I really found this easy, and the straightness improved, though there were some drifts here and there and things I learned along the way.
- You must come to a full stop before you move your hands or the ruler or you may get a drift or jerky spot.
- You have to be particularly careful in turning a corner.
- If you press down the ruler too tightly and hold it out from you too long you get some really bad muscle aches after an hour or two of quilting.
- The triple stitch was intended for an internal stretch seam, and it does not always stitch evenly (see the picture above, where it is obvious). So very even speed is needed to make it come out nice, but even so, it isn’t like I like in the end. To add to this, it is a very difficult stitch to remove, and virtually impossible on the soft, loosely woven Peppered Cotton.
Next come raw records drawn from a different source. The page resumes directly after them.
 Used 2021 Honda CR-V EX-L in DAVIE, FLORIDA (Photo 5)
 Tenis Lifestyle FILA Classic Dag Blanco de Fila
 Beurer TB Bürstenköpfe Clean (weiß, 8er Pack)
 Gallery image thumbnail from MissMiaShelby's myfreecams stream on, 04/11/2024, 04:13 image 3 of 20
- The border is wavy, even though it was not when I first added it with care to measure and cut it lengthwise. It stretched on this soft, loosely woven cotton, likely because of the heaviness of the stitch. I should have backed the border with a fusible interfacing like I did the blocks. I mistakenly thought that using the temporary adhesive to attach the batting would serve the purpose.
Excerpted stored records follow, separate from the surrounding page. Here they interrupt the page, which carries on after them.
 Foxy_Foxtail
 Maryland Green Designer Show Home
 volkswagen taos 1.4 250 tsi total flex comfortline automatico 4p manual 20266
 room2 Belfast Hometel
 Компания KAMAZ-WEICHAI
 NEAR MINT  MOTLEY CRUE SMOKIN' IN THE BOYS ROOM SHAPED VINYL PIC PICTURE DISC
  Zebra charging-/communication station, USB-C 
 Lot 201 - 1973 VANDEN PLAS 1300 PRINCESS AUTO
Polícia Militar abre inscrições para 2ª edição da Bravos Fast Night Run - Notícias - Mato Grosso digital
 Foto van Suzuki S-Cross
So in the end, I got the rows fairly straight, except a very few wobbles that I MIGHT be able to fix. But I am probably going to remove the border altogether and simply bind the quilt in the same color green. I might leave a narrow border in place, adding a little to the width of the visual green, but not much.
This quilt was never intended to be a show quilt. It was mostly a learning and memory quilt for me. When I get it fully finished, I will, nevertheless, take good photos of it and might try to get it into a show or two so some of my friends who go to certain shows can see it.
In the meantime, here’s a peak at the quilting in the middle.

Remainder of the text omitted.